Exercise material
----
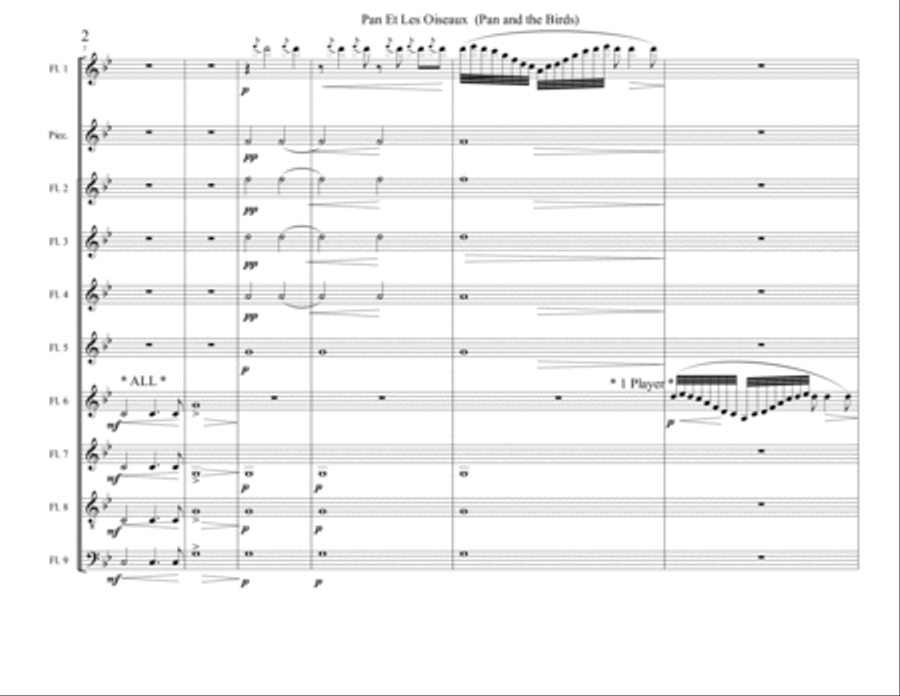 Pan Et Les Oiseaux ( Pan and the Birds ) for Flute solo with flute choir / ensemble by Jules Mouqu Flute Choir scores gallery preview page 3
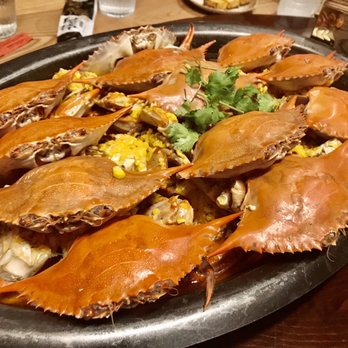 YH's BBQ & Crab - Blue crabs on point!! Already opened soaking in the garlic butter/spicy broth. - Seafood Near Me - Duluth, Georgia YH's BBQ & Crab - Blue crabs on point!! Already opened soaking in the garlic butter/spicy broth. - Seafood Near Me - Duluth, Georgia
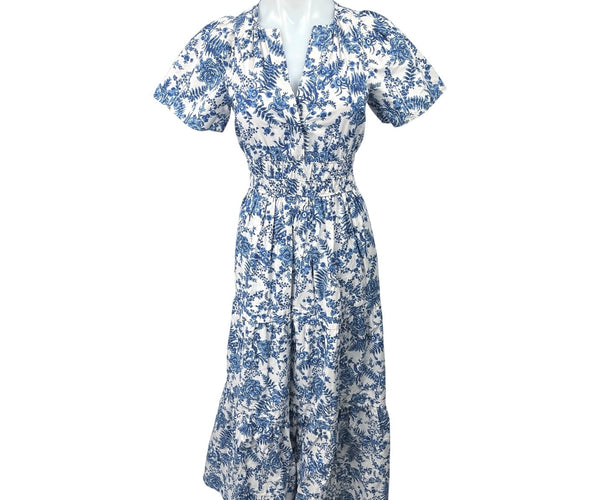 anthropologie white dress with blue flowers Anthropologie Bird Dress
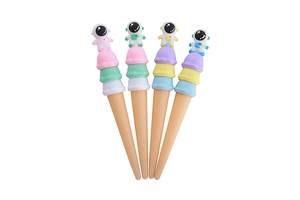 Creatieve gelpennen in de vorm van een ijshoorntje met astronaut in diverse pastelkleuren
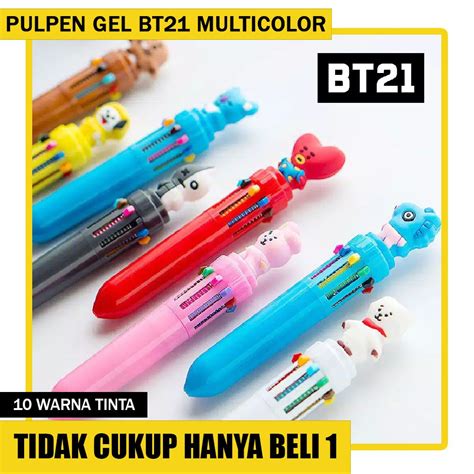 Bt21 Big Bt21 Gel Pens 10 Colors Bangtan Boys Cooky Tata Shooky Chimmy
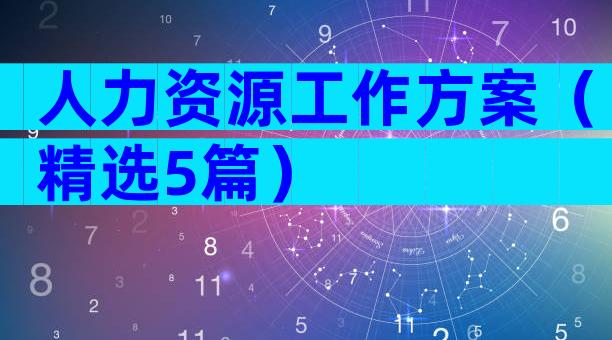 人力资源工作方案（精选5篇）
----
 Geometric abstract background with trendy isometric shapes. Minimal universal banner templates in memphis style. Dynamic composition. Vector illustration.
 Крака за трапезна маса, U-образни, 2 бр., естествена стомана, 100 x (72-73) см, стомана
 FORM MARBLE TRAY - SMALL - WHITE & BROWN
----
Task to complete
In the records above, find the line containing "Bt21 Big Bt21" and the line containing "人力资源工作方案（精选5篇）", then give both of them again word for word along with every line between. Omit any pictures.

Exercise solution
 Bt21 Big Bt21 Gel Pens 10 Colors Bangtan Boys Cooky Tata Shooky Chimmy
 人力资源工作方案（精选5篇）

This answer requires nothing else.